Egyptian authorities are targeting books written by Muslim Brotherhood members and their allies as they confiscate hundreds of books from mosques across the country, reports Gulf News, quoting religious sources.
The Muslim Brotherhood has been outlawed in Egypt, where the Ministry of Waqf (religious endowments) has begun its search of several mosque libraries that, according to security agencies, carry books “by the Brotherhood’s founder, Hassan Al Banna, the movement’s late ideologue Sayyid Qutb, and Yousuf Al Qaradawi, an Egyptian-born Qatari cleric recently sentenced to death by an Egyptian court,” the unnamed sources told Gulf News.
Books written by members of Al Jamaa Al Islamia (Islamic Group), an ally of the Muslim Brotherhood, are also being targeted.
On Wednesday alone, the Ministry of Waqfs reportedly seized about 2,000 books, allegedly authored by “militant” clerics, from a prominent mosque in Cairo.

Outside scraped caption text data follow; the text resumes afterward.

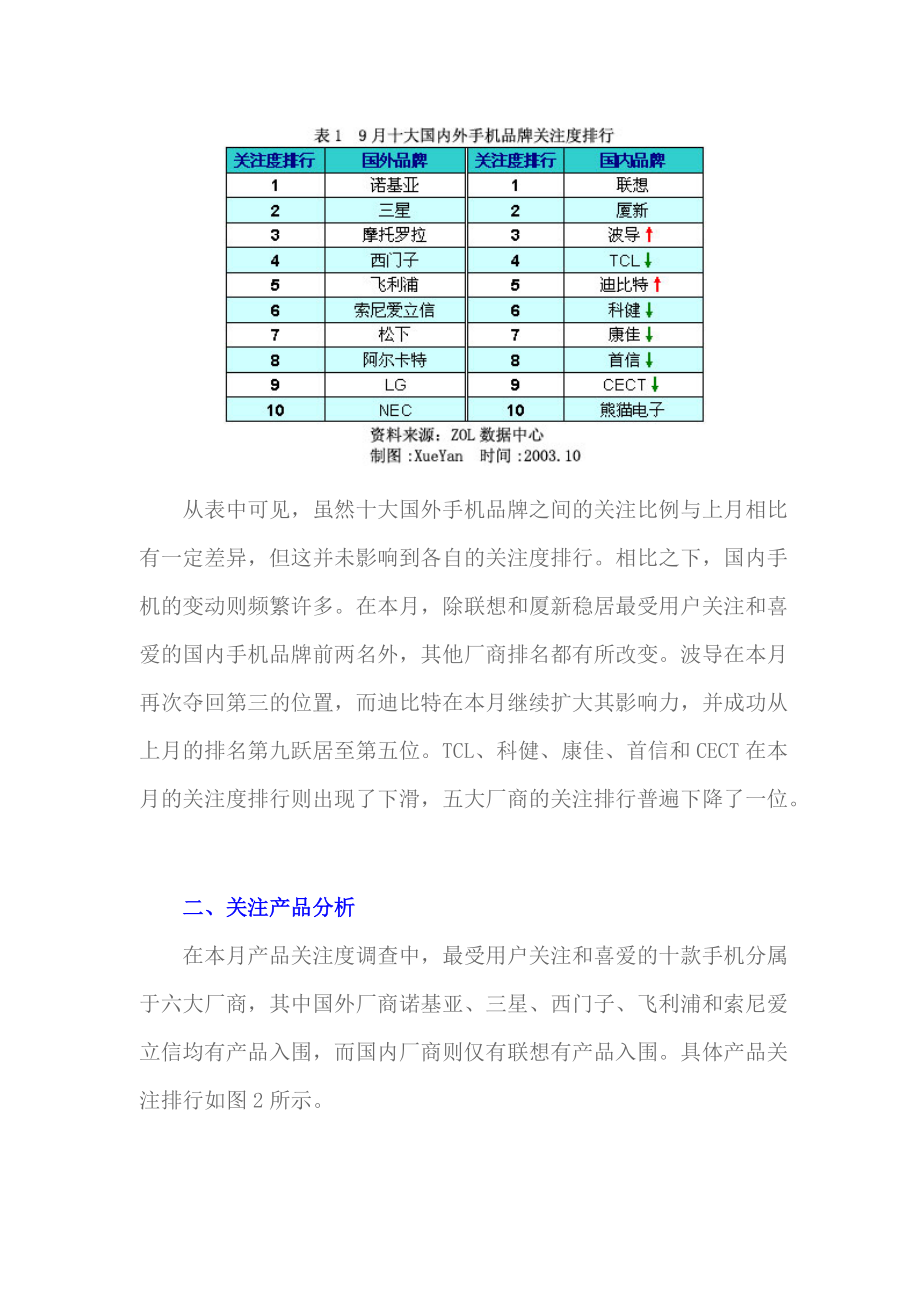 手机市场用户喜爱度和价格分析报告.docx_第3页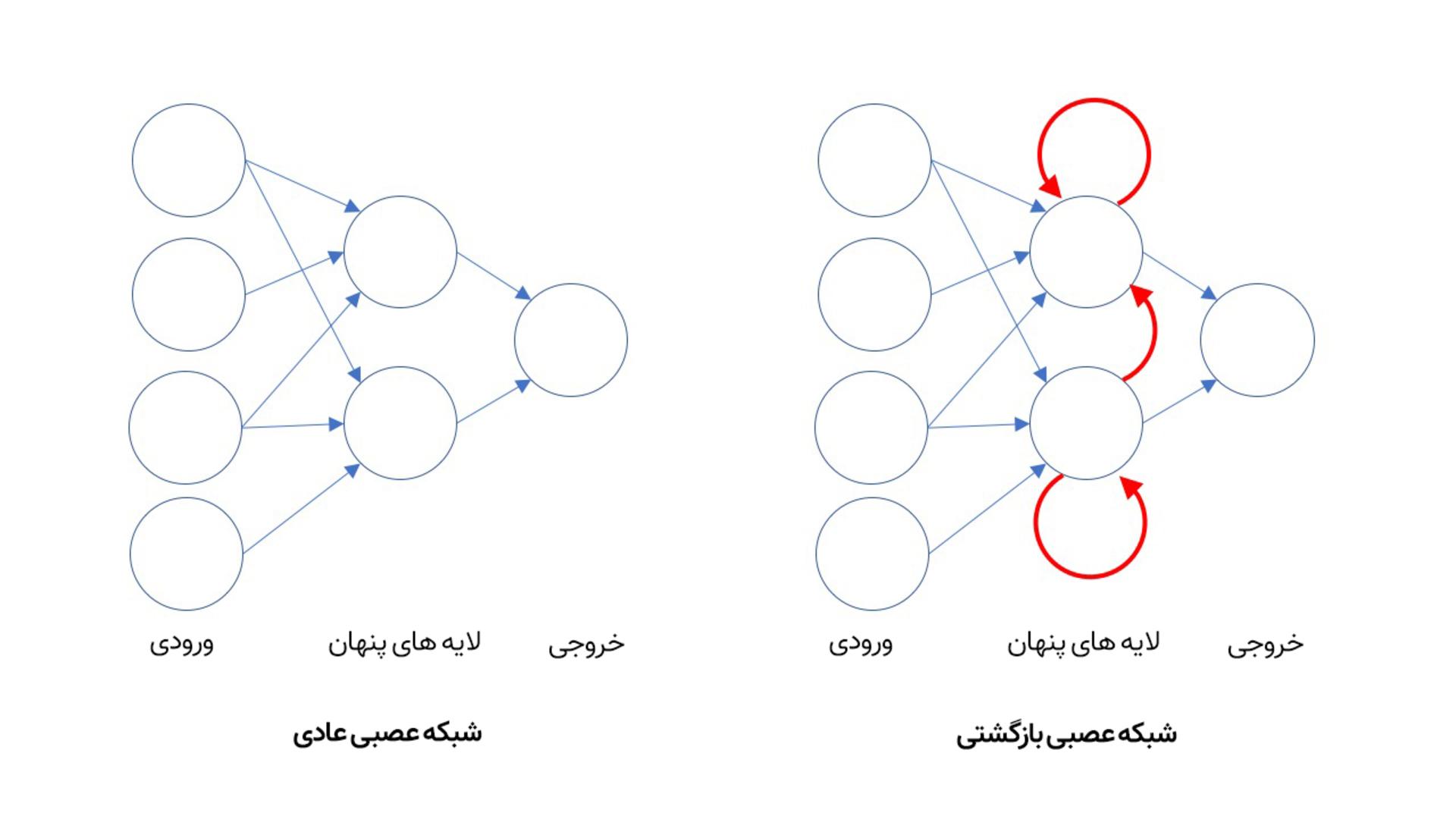 شبکه عصبی برگشتی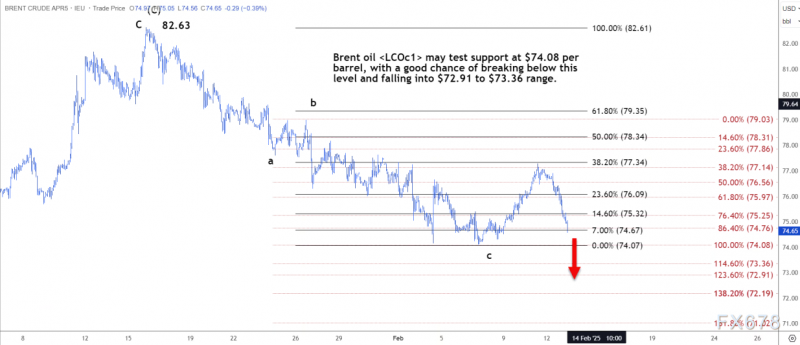 技术分析：布伦特原油或测试74.08美元的支撑位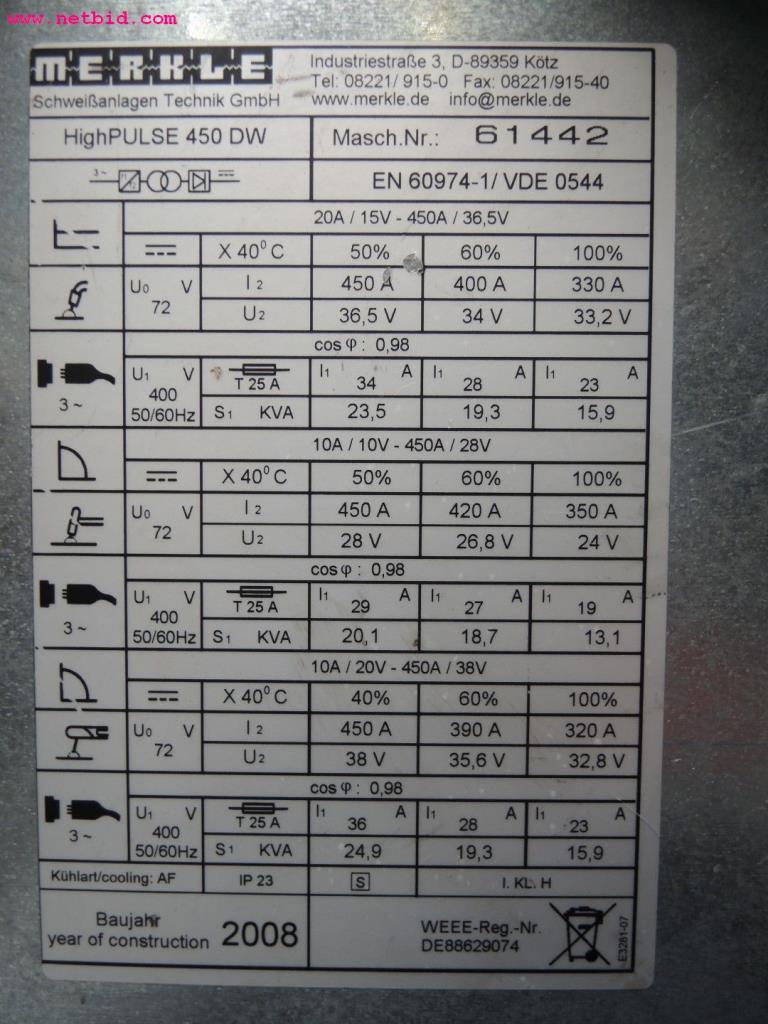 sheetmetal and metalworking machines <br><font size="2">In collaboration with Hilco Industrial Acquisitions bv<br></font>-6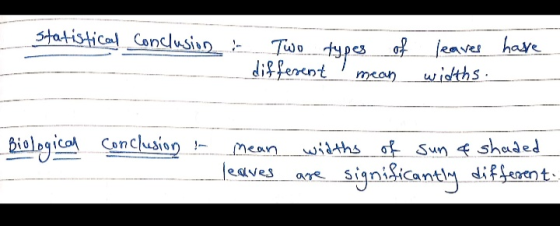 statistical Conclusion : Two types of leaves different mean widths. have Biological conclusion I mean widths of sun & shaded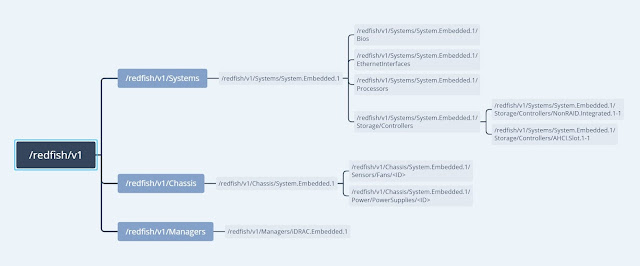 vineethac.blogspot.com: Working with iDRAC9 Redfish API using ...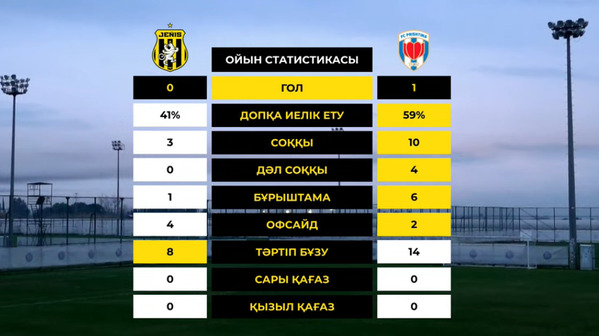 Столичный клуб КПЛ сыграл с 11-кратным чемпионом из Европы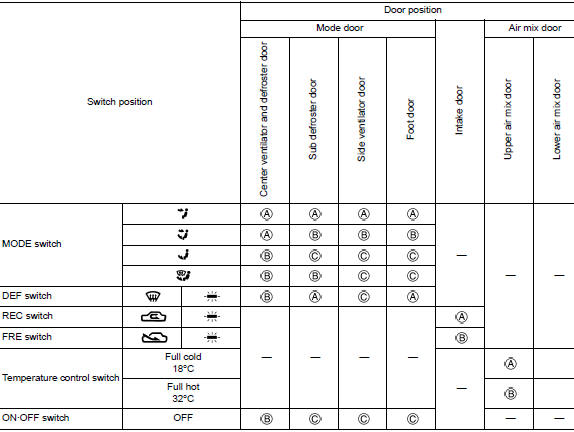 Switches and their control function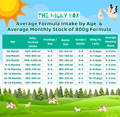 Average Formula Intake by Age  & Average Monthly Stock of 800g Formula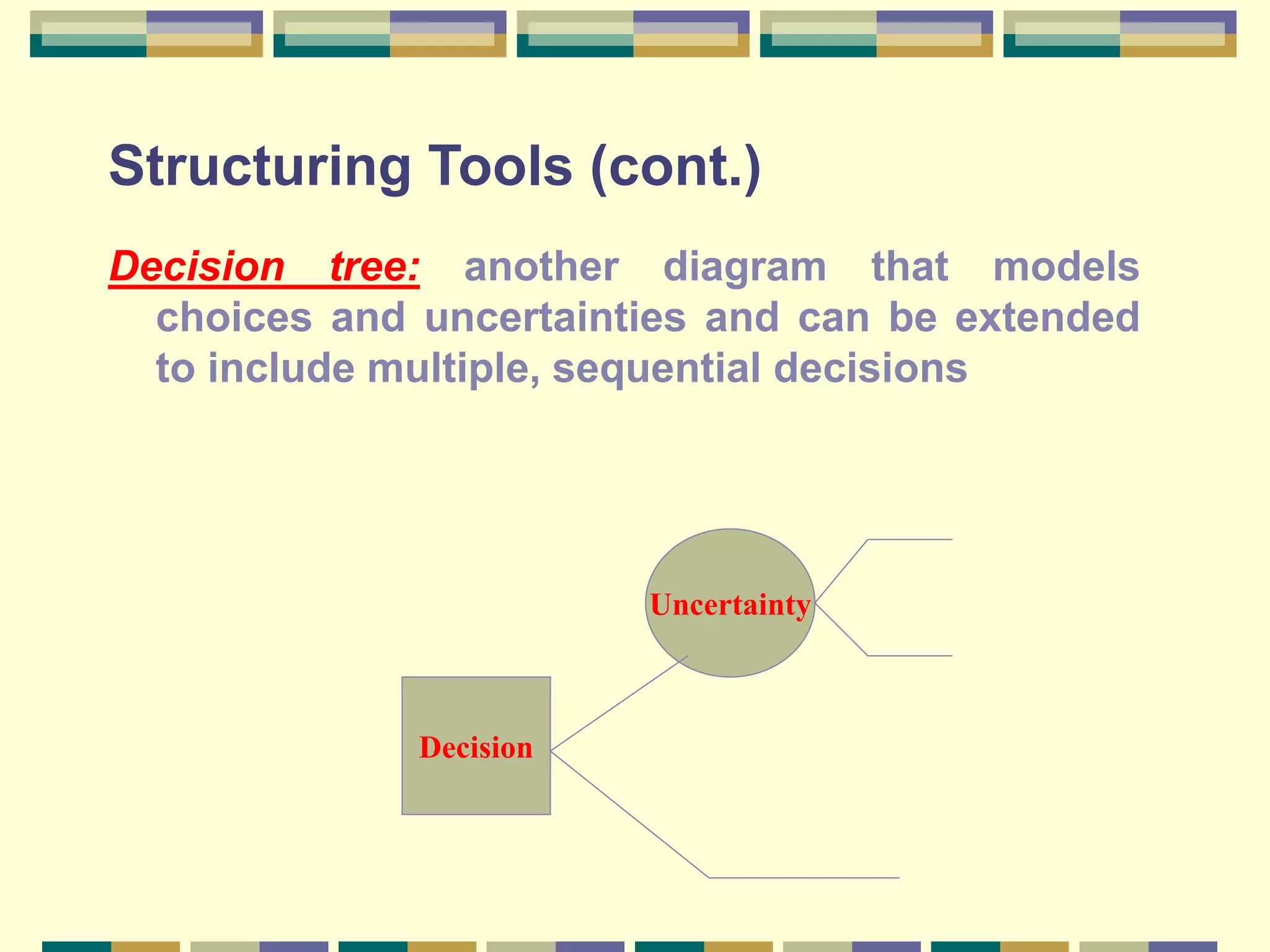 Structuring Tools (cont.)
Decision tree: another diagram that models
choices and uncertainties and can be extended
to include multiple, sequential decisions
Decision
Uncertainty
 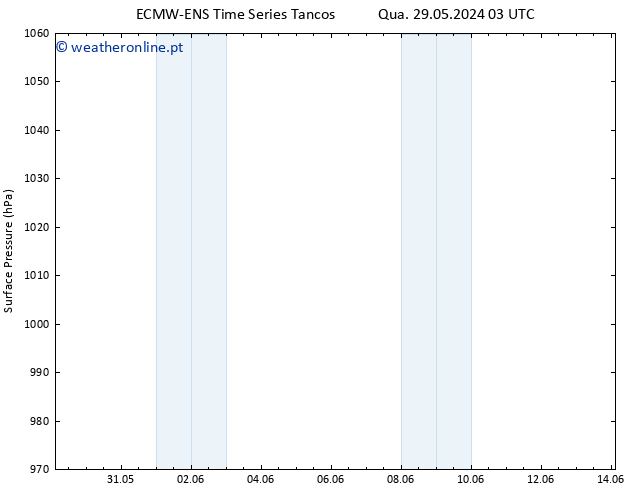 pressão do solo ALL TS Qua 29.05.2024 15 UTC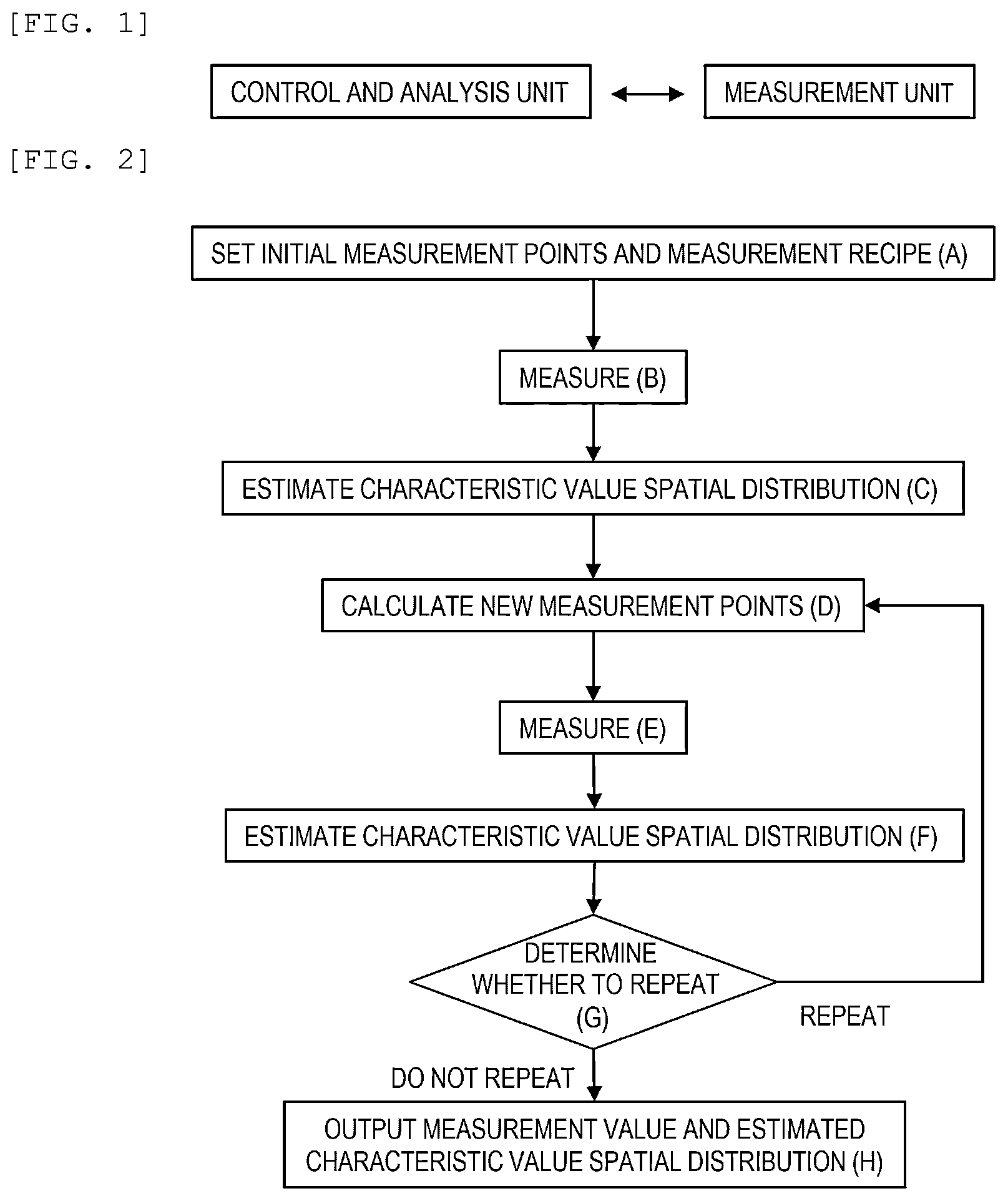 Patent US12422380 — Measurement method, measurement system, and non-transitory computer readable medium — Figure 1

“There are strict instructions from Minister of Waqf Mohammad Juma to check libraries of all mosques to cleanse them of books disseminating extremist ideas,” Ashraf Fahmi, a ministry official, reportedly said.
“The ministry will not allow the propagation of any thought alien to the moderate course of Al Azhar,” Sunni Islam’s celebrated seat of learning, he added.
Muslim Brotherhood members in Egypt have been targeted by the current Egyptian government, led by President Abdel Fattah el-Sisi, since the country’s military removed the former president, Mohammed Morsi, in 2013 following protests against his rule.
As chief of the Egyptian army, el-Sisi led the overthrow of Morsi, a Muslim Brotherhood member who had been elected president.
“The Egyptian government has in recent months tightened its grip on mosques, denying the Brotherhood and allied groups a major forum to influence devout Muslims,” notes Gulf News.